For me, this runs quite fast and has no divergent transitions or treedepth warnings even without tinkering with the adapt_delta setting. The parameter recovery is good:

As is the changepoint estimation (here I show the posterior mean and 500 draws):

One thing to note about that uniform prior, however, is very rarely with the random initalization a chain can get stuck on the boundary value of the changepoint. This I think corresponds to essentially no changepoint and may happen because the data is also reasonably modeled by a single continuous linear function for the Poisson mean.
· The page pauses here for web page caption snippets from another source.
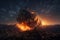 Falling burning asteroid scene, great life extinction moment on the planet, grand event, generated ai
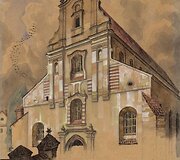 Juozas Kamarauskas. Vilniaus Pranci&scaron;konų bažnyčia. 1897 m. Lietuvos nacionalinis dailės muziejus.
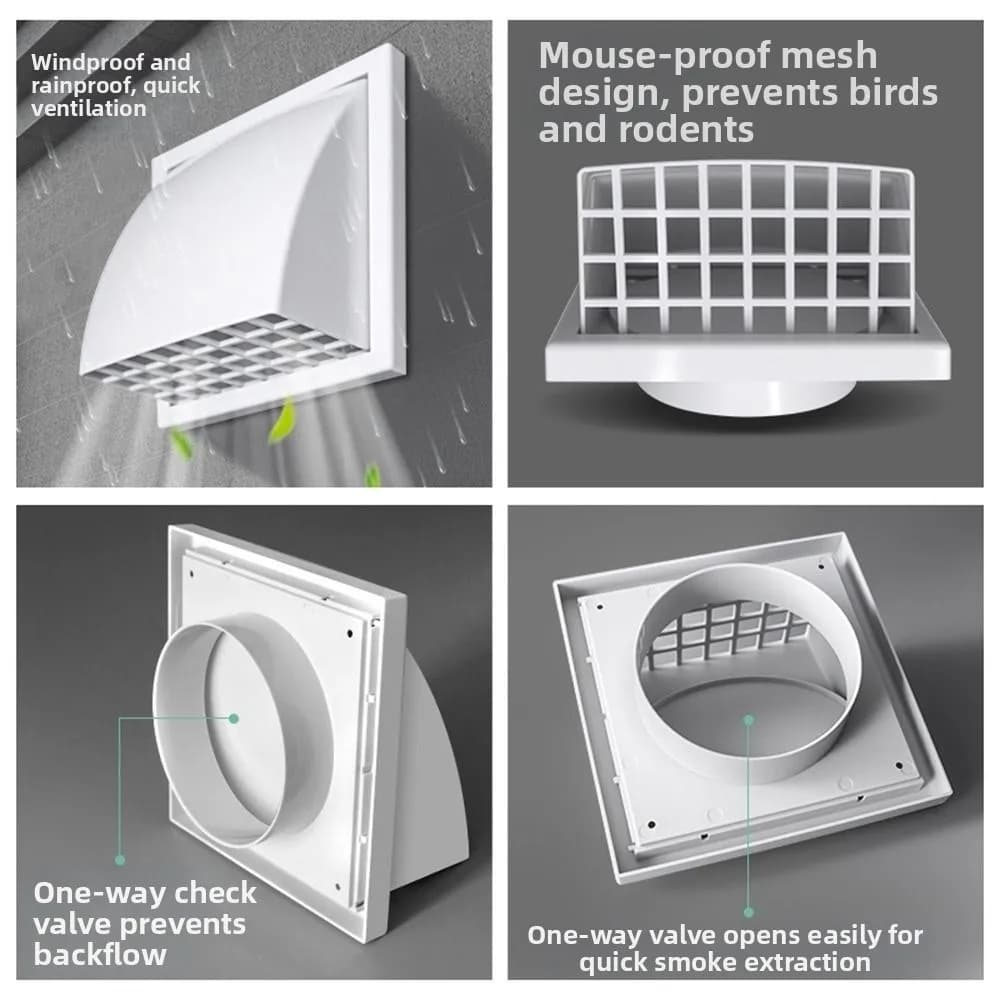 Grille de ventilation murale extérieure en ABS durable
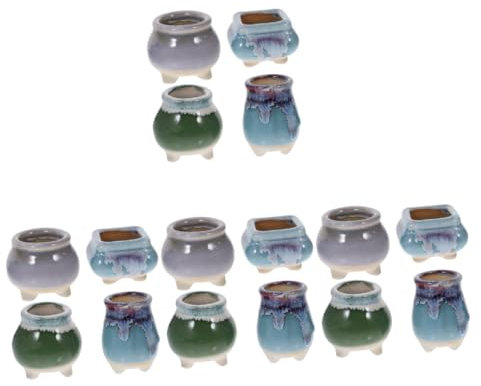 PAMINGONO 16stücke Teiliges Mini Keramik Blumentopf Für Sukkulenten Vielfältige Formen Zufälligen Farben Elegante Pflanzgefäße Für Büro Wohnzimmer Und Balkon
I was able to solve this with a diffuse normal prior on \alpha centered in the middle of the interval of x values (e.g. something like N(55,5)).

For the collinearity, it still appears somewhat:

However, I suspect that this may be more of a result of the assumed data generating process instead of an inherent degeneracy. It may be worth exploring different assumed values of the slopes, intercepts, and changepoint and seeing if the problem persists.
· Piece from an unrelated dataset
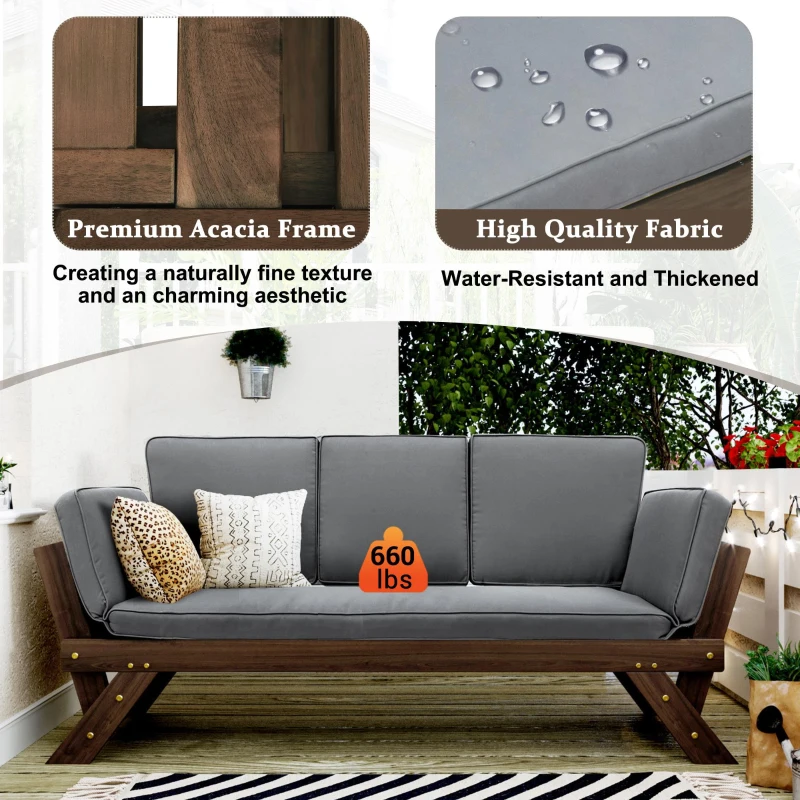 Expandable Acacia Wood Daybed with Cushions, Adjustable Patio Chaise Lounge for Compact Space, 78.5" L x 21.5" W x 32" H, Gray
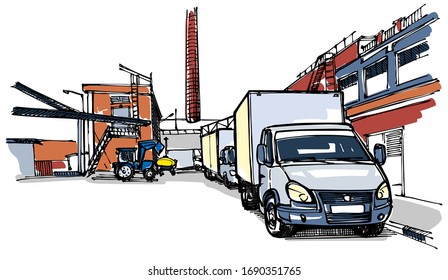 Industrial district - hand drawn sketch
PS: With the simulated values for x only taking integer values you might run into some issues where the data cannot inform where exactly in the interval [11,12] the change occurs.
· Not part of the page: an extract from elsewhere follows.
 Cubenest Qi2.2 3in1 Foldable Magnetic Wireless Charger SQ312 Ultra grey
Adon_Rosen · December 7, 2024, 3:52pm

absolutely gorgeous! I very much appreciate your insight!

Adon_Rosen · January 29, 2025, 2:11pm

Hi @js592

I am trying to extend this model into a 2 chnage point model, I thought I could do this using your same inv_logit formulation but now do it as an ordered inv_logit. So my model weights now become:

  vector[N] w1;
  vector[N] w2;
  vector[N] w3;
  w1 = inv_logit(beta + alpha[1]*x);
  w2 = inv_logit(beta + alpha[2]*x) - inv_logit(beta + alpha[1]*x);
  w3 = 1 - inv_logit(beta + alpha[2]*x);

and my model now becomes:

    lp[j] = w1[j]*(a1+b1*x[j])+
      w2[j]*(a2+b2*x[j])+
      w3[j]*(a3+b3*x[j]);

Where a’s represent intercept terms, b’s represent slope terms. This model is returning nonsense, though, I can’t seem to be able to estimate anything meaningful using this formulation. Would you happen to have ideas for how you would approach this problem?

js592 · January 29, 2025, 5:52pm

I’m a bit busy at the moment so I can’t dive too deep into this. My suggestion would be if you want to model multiple switches between two regimes you could stick with original formula but instead of having the a linear function (alpha + beta*x) switch to something that can “wiggle” up and down a bit more. Maybe a linear spline with one or two knots or even a Gaussian process. But I’d expect a lot more identifiability issues. On the other hand, if you want to model multiple regimes I would look into a hidden markov model or something similar.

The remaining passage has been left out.